I never really looked at trapping from that angle before then. Trapping for me really originated out of “control work”, and I don’t get nearly as many muskrat control calls. I was always so focused on critters I knew, like beaver and mink that I never slowed down to think about the other critters that I was passing up when the state-set seasons permitted such.

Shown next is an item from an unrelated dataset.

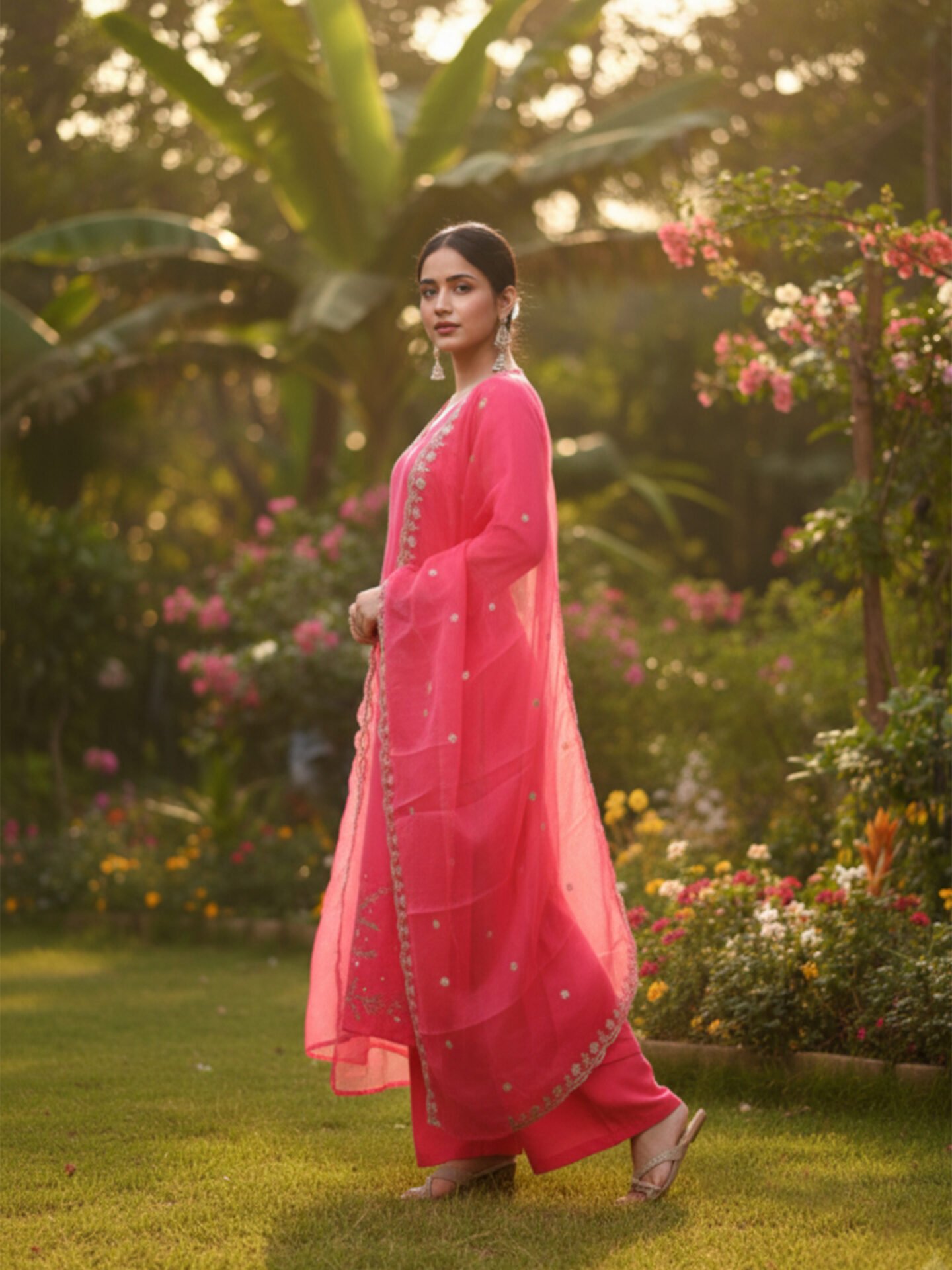 Rani Pink Embroidered Kurta Set with Sheer Dupatta - Image 2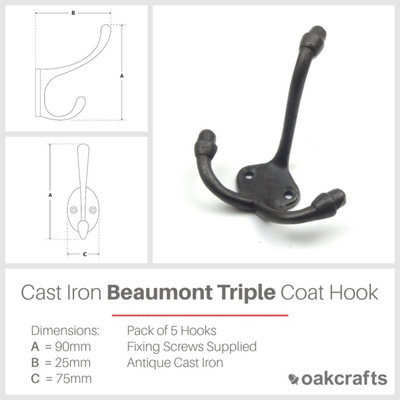 Oakcrafts - Antique Cast Iron Coat Beaumont Triple Coat Hook 90mm - Pack of 5 Hooks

Muskrats can be trapped just about anywhere you’re trapping for beaver, mink, or other water-based fur bearers. Setting under-cut banks with “bottom edge sets” and “pocket sets” produce great results if the ‘rats are there. If you can locate runs and trails, in the form of stirred-up silt on the bottom of stream beds you’re in good shape. Muskrat “toilets” or areas where they are climbing out of the water to feed are also ideal locations. Usually these “toilets” can be some kind of landmark that sticks out of the water – a sandbar, rock, or log. Uninhabited beaver lodges also make great areas to spot them. Dens are usually made in the sides of banks, or in “huts” which look like a small beaver lodges made with shoots and grass in swamps and bogs. Muskrats will also search for places to feed and rest out of the watchful eyes of predators like hawks and owls, so look for areas where banks have overhanging grass or root systems. Colony traps work well for high numbers of ‘rats, submerged in a stream run or brook. I’ll admit I haven’t experimented with colony traps yet. I haven’t found them a necessity like long-line ‘rat trappers do, although trappers I know that use them, rave about the ease and success rates.
I started to really process my surroundings and properties more once I began to think about “mixed-bag” trapping, and I can attest to the fact that throwing a few Muskrat traps in the truck for those “slow” days might just be the “pick-me-up” you need to breathe new life into your trapping properties.